On the other hand, it isn’t just appearance: the film does play with big ideas, is quite moving, and does bring forth truly beautiful performances.

If you like your narrative linear, this film will drive you crazy. You can’t watch it while constantly asking yourself “What is happening now? Is this the future or the past? Exactly whom are these characters and what are they doing?” You do need to keep track of who everyone is and what they are doing, but you don’t need to try to analyze it all and put it in order too early. Time moves back and forth in waves. Let it flow over you and you will begin to perceive the whole story.

The plot emerges elliptically, like the unfolding of a mystery story, through a slow accumulation of details. A school bus full of children has plunged through an icy lake, killing almost all the children of a small town. This scene has been toyed with so gracefully that by the time it happens, there is no drama in it at all, just a fascinating silence that settles over the scene and a real gut-wrenching sympathy with one isolated father, forced to stare in horror as his children die.
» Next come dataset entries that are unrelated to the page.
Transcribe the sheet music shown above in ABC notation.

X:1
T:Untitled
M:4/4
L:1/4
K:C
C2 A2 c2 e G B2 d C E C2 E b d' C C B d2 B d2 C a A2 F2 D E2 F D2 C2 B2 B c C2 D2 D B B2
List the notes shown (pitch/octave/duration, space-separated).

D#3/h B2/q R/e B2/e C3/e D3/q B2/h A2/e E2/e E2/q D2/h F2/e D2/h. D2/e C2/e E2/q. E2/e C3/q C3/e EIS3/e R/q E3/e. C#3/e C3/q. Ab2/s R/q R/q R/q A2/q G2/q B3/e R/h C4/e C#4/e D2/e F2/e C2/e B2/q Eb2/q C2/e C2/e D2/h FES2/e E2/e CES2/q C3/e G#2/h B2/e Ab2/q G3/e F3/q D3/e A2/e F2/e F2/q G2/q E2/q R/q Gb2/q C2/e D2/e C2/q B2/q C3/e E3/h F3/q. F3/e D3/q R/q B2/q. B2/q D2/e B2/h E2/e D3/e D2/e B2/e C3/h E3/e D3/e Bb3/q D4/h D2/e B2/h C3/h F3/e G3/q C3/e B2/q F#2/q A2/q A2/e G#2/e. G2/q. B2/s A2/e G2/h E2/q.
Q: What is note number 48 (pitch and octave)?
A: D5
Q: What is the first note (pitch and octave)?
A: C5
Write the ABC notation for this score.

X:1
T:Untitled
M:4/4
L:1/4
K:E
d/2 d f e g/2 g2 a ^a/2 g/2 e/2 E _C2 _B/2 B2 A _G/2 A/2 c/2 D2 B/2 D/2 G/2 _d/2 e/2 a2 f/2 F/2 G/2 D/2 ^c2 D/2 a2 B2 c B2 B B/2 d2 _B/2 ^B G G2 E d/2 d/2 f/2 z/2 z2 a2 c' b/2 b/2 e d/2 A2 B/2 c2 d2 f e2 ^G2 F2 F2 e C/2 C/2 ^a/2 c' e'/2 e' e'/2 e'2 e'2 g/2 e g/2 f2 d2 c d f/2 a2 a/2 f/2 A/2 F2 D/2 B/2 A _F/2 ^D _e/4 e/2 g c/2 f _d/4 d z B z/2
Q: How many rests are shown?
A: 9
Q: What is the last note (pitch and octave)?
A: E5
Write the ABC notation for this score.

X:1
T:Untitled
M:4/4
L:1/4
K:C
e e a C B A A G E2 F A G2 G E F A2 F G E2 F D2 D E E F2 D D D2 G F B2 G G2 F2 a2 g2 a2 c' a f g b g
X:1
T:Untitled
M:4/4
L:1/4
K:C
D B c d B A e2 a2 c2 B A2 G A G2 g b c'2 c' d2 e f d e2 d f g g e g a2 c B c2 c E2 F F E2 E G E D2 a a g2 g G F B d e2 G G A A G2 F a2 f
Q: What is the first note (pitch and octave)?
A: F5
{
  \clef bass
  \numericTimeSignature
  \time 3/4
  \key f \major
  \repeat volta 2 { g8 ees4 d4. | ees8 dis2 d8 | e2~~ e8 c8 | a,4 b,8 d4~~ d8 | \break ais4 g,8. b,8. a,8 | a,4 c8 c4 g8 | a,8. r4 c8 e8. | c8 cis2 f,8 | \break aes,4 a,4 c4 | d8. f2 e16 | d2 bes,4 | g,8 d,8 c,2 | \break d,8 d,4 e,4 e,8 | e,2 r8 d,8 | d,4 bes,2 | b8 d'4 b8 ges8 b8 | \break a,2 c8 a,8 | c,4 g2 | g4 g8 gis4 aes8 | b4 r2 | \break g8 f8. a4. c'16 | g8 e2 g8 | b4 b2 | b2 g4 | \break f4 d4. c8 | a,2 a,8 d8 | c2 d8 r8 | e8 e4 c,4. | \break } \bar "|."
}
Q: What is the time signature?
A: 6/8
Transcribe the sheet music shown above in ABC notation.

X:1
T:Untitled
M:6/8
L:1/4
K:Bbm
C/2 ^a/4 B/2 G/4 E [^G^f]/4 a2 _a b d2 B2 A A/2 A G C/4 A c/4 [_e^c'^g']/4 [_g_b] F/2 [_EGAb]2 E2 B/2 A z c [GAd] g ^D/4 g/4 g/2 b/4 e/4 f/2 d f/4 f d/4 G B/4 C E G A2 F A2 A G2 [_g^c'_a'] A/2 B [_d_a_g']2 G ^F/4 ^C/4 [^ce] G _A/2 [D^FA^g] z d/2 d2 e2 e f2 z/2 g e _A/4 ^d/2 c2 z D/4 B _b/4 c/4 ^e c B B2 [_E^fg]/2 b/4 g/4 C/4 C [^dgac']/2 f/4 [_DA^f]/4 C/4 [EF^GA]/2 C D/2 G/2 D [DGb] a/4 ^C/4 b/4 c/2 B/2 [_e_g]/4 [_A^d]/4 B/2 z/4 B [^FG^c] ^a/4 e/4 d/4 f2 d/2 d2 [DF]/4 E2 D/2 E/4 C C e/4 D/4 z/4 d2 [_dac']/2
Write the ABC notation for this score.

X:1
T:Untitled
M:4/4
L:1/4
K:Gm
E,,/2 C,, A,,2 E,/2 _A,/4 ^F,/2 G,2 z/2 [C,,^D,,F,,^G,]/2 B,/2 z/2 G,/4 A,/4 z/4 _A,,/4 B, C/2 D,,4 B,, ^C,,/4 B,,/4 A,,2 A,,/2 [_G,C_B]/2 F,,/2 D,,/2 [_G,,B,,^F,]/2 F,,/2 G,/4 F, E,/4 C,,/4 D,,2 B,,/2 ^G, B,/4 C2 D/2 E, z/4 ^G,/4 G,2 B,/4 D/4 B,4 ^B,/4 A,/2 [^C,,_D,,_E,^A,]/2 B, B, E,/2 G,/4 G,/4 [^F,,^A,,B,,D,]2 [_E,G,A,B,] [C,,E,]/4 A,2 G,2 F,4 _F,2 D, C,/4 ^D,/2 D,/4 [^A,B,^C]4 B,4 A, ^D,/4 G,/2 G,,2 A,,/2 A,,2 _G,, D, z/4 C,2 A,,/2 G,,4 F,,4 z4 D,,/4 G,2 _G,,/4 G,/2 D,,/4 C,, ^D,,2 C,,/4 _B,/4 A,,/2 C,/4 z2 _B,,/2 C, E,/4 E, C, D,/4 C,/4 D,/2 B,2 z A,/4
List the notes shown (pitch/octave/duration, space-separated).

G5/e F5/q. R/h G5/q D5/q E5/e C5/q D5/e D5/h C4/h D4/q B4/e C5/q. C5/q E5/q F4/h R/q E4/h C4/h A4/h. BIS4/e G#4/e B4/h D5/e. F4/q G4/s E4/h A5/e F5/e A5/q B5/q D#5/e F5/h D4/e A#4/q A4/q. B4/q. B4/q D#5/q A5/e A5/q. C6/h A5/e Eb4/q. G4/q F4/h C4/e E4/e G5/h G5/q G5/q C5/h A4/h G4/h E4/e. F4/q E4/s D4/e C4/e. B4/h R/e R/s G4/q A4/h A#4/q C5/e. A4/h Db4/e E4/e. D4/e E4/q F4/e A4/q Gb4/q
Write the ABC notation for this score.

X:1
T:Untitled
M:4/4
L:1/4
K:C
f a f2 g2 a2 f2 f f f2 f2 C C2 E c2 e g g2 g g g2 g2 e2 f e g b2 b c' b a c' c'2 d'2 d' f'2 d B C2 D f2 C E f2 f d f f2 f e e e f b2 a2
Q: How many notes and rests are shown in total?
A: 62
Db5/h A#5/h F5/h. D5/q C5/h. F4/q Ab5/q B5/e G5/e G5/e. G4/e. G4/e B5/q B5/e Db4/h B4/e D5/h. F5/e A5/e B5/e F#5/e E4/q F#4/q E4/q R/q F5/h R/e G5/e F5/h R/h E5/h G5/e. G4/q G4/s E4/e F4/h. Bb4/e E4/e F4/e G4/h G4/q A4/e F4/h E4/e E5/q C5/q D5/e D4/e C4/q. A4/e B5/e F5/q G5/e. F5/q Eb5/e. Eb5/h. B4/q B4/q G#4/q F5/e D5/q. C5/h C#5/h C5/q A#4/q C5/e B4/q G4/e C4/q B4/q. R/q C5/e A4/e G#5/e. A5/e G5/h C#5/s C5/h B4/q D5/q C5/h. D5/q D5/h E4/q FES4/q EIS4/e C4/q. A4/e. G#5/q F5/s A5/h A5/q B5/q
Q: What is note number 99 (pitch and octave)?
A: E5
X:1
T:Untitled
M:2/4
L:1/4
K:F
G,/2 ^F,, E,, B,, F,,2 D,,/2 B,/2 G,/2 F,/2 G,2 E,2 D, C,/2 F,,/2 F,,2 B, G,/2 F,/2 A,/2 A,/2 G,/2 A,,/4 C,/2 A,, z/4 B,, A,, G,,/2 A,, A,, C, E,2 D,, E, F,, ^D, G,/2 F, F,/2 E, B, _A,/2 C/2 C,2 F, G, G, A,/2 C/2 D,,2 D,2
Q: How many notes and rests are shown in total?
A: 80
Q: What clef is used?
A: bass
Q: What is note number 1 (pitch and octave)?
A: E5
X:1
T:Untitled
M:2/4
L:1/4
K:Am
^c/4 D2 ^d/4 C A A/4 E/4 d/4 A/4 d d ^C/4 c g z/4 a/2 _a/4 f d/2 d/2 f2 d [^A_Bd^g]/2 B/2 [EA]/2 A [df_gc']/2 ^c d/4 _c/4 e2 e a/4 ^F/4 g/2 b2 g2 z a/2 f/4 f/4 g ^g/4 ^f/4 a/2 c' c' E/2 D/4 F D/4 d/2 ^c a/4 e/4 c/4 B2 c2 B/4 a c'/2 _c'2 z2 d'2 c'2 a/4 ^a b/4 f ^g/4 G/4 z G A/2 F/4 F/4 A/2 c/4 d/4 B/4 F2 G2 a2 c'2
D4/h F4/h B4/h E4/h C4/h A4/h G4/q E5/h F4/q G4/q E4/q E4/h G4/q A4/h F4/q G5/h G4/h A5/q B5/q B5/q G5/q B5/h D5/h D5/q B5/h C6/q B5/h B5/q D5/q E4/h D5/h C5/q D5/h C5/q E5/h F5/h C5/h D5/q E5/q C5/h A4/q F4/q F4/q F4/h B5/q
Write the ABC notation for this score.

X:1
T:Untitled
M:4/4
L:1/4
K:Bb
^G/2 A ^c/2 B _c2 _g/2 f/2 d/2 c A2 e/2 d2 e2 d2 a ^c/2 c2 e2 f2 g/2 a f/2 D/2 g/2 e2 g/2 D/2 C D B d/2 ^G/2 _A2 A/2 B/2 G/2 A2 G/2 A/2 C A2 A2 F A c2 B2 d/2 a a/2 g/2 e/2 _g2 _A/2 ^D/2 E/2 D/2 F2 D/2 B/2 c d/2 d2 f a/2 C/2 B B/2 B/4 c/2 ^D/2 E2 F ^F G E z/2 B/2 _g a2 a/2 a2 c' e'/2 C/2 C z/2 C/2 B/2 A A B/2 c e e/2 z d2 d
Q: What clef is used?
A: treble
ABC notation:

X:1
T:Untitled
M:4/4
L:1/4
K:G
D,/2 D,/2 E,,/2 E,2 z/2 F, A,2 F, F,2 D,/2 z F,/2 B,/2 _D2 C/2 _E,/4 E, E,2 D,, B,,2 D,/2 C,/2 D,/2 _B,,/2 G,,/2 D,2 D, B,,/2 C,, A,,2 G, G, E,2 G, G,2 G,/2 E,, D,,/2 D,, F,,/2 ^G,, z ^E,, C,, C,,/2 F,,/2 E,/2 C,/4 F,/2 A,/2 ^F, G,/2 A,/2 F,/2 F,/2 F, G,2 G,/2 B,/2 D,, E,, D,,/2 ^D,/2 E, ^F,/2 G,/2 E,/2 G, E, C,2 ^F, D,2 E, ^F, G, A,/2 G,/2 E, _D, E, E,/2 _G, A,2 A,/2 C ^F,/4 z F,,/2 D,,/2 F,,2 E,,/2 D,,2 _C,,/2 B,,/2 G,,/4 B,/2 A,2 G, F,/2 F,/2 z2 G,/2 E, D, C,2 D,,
There’s a big-city lawyer, on the trail of money, who seems both a perfectly hypocritical ambulance-chaser believing in nothing but money, while perfectly acting out the role of vengeful messiah, trying to establish someone to blame, and a desperately loving father driven to the breaking point by his money-wheedling, drug-addicted daughter.

There’s the fable of the Pied Piper of Hamelin woven in, with clear metaphorical echoes across past and future events.

There’s a survivor, a girl now wheelchair-bound, forced to abandon the few illusions she has remaining, and who learns how to go head-to-head in the lawyer’s game of manipulation and deceit.

There’s her incestuous relationship with her father. We get to be bothered by this precisely because the film isn’t; there are no clear consequences or lessons to be learned from this. We must get out of it what we bring to it.

There’s the grief-wracked bus driver, whose fate seems to be that she must live with the overwhelming horror that she might have prevented the accident. A less interesting movie would have presented us with some kind of evidence of her guilt or innocence, but we’re forced to suffer along with her and realize that our lives are about perception, not facts.

One of the film’s big messages seems to be about the nature of time itself, and our perception of time. The lawyer describes a terrifying event in the life of his daughter as a very young child. He must race to the hospital with his daughter on his lap, a knife to her throat, poised to perform an emergency tracheotomy, as she stares up at him.

Seen in a linear narrative, this event would evoke one set of associations — about parental love, duty, responsibility, and fear. Re-imagined in retrospect, knowing the daughter’s life and the lawyer’s anguish, it evokes a drastically altered set, all about dominance and anger, retribution, and the threat and terror of death. Because of this creative rearrangement of time, everything is seen in a new light, and we come to understand better the lawyer’s character and motivations.

Not one of the characters is cardboard; all are richly imagined and convincingly written. Not one of the scenes is a throwaway. The film has an odd power; the sluggish drift of time pulls you through it, and you’re left a bit baffled by its unconventionality. Not all that much happens over the course of the film. People’s lives continue, and they make small realizations and try to keep going after what will no doubt be the largest tragedy of their lives. Real life doesn’t generally hold majestic speeches, or car chases, or shoot-outs. But the oddly moving (and oddly-moving) portrayal of this makes this film stick in the mind like few others I’ve seen.